Frankly, we could not care less who pushes what kinds of papers in which direction. This exercise is obviously a farce. There is no way any central bank could, or should, ever fulfil a German constitutional proportionality assessment in any meaningful way. It is in the nature of rules-based monetary policymaking that decisions are not always proportionate.
The two lingering issues from the ruling are the conflicts between German and EU law, and the stipulation that the Bundesbank must advocate exit strategies from asset purchases. We think the latter in particular will affect ECB policy in the long term, because it will legally enshrine the Bundesbank president's vote in the governing council. If the purpose of an asset-purchase programme is to secure Italy's solvency, the stipulation of an exit strategy will be self-defeating. The big conflict therefore remains unresolved. It will erupt when the eurozone economy has recovered enough to justify a policy reversal, if that situation coincides with a recovery in inflation rates.

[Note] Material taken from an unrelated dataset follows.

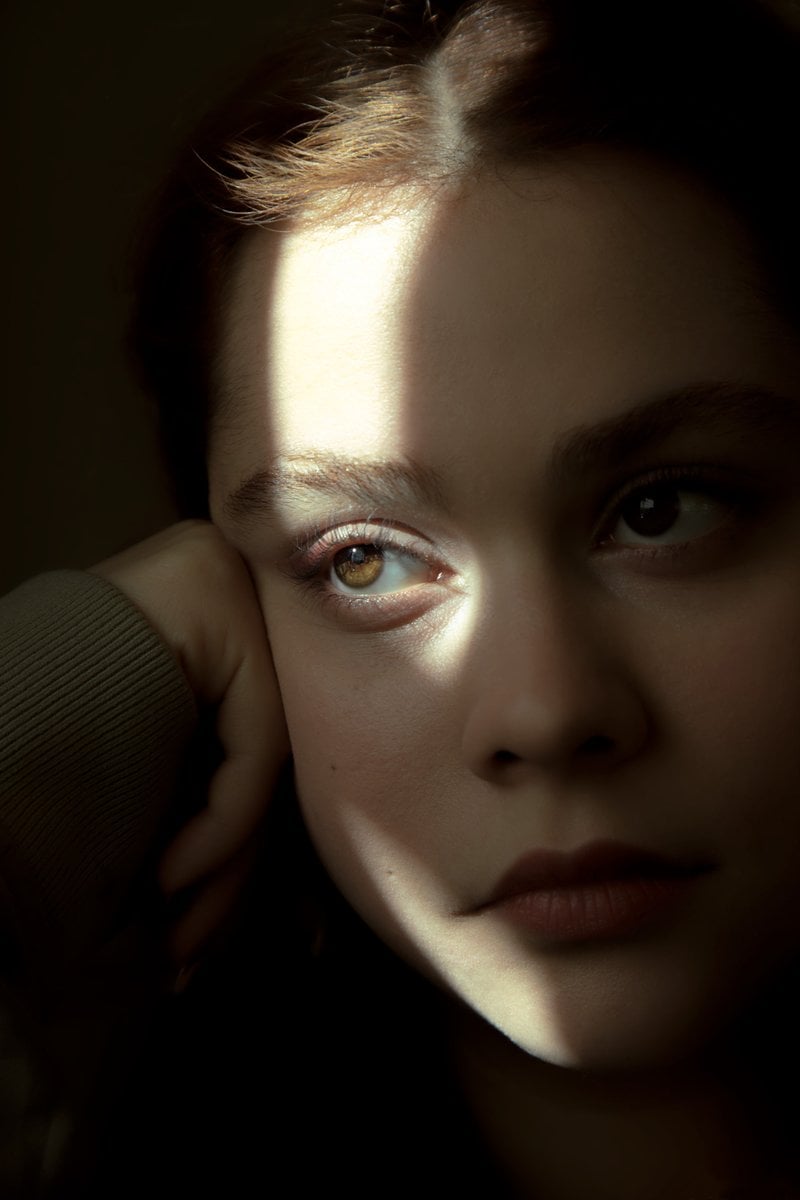 Face of Thinking Woman · Free Stock Photo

Perhaps a more important development than the fake compromise on proportionality is the appointment of a new justice to the court's second senate. This is the part of the court responsible for rulings relating to the monetary union. Court appointments are political. Astrid Wallrabenstein, the new justice, was nominated by the Greens. Andreas Vosskuhle, the previous president of the court, retired on the day of the controversial ruling. Wallrabenstein is more pro-European. We suspect the ruling would have been 6-2, not 7-1, if she had been on the bench. Before the ruling, some commentators had tried to guesstimate the various justices' views on the EU. The concluded that there were 5 eurosceptics and 3 pro-Europeans. Wallrabenstein could therefore shift the balance to some extent, but we think the court's eurosceptic majority is solid for the time being.